Tommy Overstreet casual“Gwen” was also the title of his debut album, charting 12 weeks and hitting Top 40, as the single crossed over into the pop Top 100 list on Billboard. A proud Overstreet pointed out, “The single hit #1 in the other trade weeklies, Cash Box and Record World, but Billboard kept it #3, as they regarded Randy Wood’s (Dot) an indie label.”

A year later, “Heaven Is My Woman’s Name” scored #3 country and also hit the pop Top 100 chart. That song, written by Bonnie Dobbins, was not one his producer sought as a single, so Tommy went to his Dot boss, pleading to release it post-haste – and it became his longest-charting single (18 weeks) and the title track for his most successful LP (#9, 1972). Tommy also enjoyed successes with producer Ron Chancey on ABC-Dot.

Overstreet’s Billboard chartings totaled 11 Top 10s, six of which went Top Five.

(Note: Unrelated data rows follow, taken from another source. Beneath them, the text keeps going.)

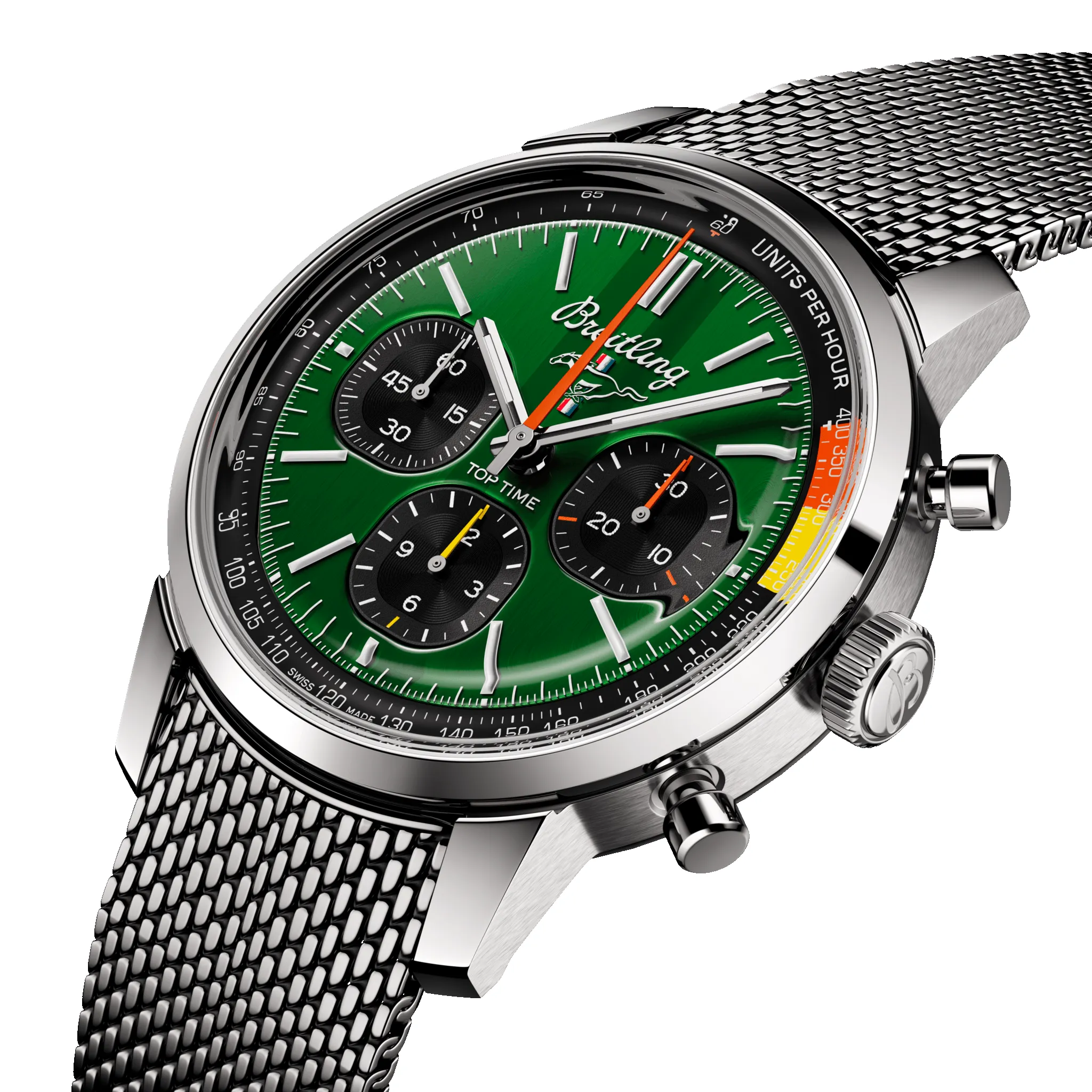 Breitling Top Time B01 41 Mustang Watch sold by Jura Watches product image thumbnail 2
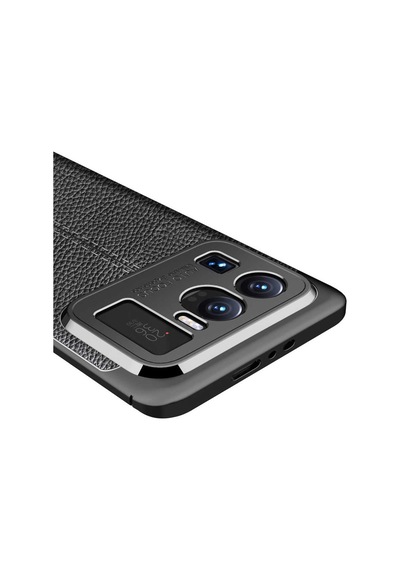 Xiaomi Mi 11 Ultra Kılıf Zore Niss Deri Desenli Silikon Kılıf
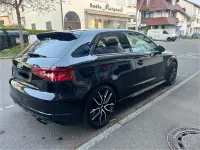 Gebraucht Audi S3 300 PS (220 kW) 2014 Schwarz Limousine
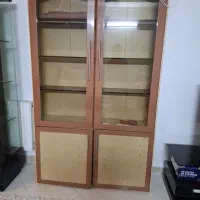کتابخانه سفارشی محکم و سالم و کاملا نو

Included are “Send Me No Roses,” “I’ll Never Break These Chains,” “I’m a Believer” and “Don’t Go ‘City Girl’ On Me.” His run at Dot ended in 1978, with two near-Top 10 singles: “Yes M’am” (#12) and the upbeat “Fadin’ In, Fadin’ Out” (#11). He would record with Elektra, his best showing being the Top 20 “What More Could a Man Need” (1979), and indies such as AMI, Gervas and Silver Dollar, where he had his 34th and final Billboard charting, “Next To You” (1986).

~During the 1980s, he performed several years in the tourist mecca Branson, Mo., before making his move to Oregon. Still, he continued to tour and record CDs, such as “Tommy Overstreet’s Country Gospel” (2006) and “Welcome To My World of Love” (2008). He was also seen guesting on such TV series as Hee Haw, The Midnight Special and In Concert.

Among Tommy’s great regrets were his failed first marriage and the loss of his only son, but he remained proud of his more than 30 overseas tours, and performing across the U.S. and Canada. In 2013, his auto-biography “A Road Less Traveled” was published, and on his Facebook page, this is Overstreet’s final posting, Aug. 26, 2015: “Howdy, howdy everyone! Hope you’re doing well today, and I’ve been worse, but I’m doing good today. Hangin’ in there, as the old saying goes. Working on a new CD that I hope my friends will enjoy. I have a new CD of a fairly old LP, we released quite a few years ago, but I felt it worthy of re-releasing as a CD. The title is ‘Nuggets,’ a 10-song collection my friends in country music had hits with, and they asked me to do an album of these great songs.”

One of his peers, buddy Rex Allen, Jr., wrote on Facebook, Nov. 3: “Tommy Overstreet has passed away at his home. Tommy was a great guy and headlined the first tour I ever worked. So sad.”

Survivors include his widow Diane Overstreet and daughters Amber, Aeriel and Lisa. A memorial service was scheduled on Nov. 22 at Evergreen Christian Center, in Hillsboro.